Recovery of 447 Eukaryotic bins reveals major challenges for Eukaryote
genome reconstruction from metagenomes
Abstract
An estimated 8.7 million eukaryotic species exist on our planet.
However, recent tools for taxonomic classification of eukaryotes only
dispose of 734 reference genomes. As most Eukaryotic genomes are yet to
be sequenced, the mechanisms underlying their contribution to different
ecosystem processes remain untapped. Although approaches to recover
Prokaryotic genomes have become common in genome biology, few studies
have tackled the recovery of Eukaryotic genomes from metagenomes. This
study assessed the reconstruction of Eukaryotic genomes using 215
metagenomes from diverse environments using the EukRep pipeline. We
obtained 447 eukaryotic bins from 15 classes (e.g., Saccharomycetes,
Sordariomycetes, and Mamiellophyceae) and 16 orders (e.g., Mamiellales,
Saccharomycetales, and Hypocreales).

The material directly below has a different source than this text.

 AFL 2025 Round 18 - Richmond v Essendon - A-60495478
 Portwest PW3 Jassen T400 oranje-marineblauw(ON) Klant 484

More than 73% of the obtained
eukaryotic bins were recovered from samples whose biomes were classified
as host-associated, aquatic and anthropogenic terrestrial. However, only
93 bins showed taxonomic classification to (9 unique) genera and 17 bins
to (6 unique) species. A total of 193 bins contained completeness and
contamination measures. Average completeness and contamination were
44.64% (σ=27.41%) and 3.97% (σ=6.53%), respectively. Micromonas
commoda was the most frequent taxa found while Saccharomyces cerevisiae
presented the highest completeness, possibly resulting from a more
significant number of reference genomes. However, mapping eukaryotic
bins to the chromosomes of the reference genomes suggests that
completeness measures should consider both single-copy genes and
chromosome coverage. Recovering eukaryotic genomes will benefit
significantly from long-read sequencing, intron removal after assembly,
and improved reference genomes databases.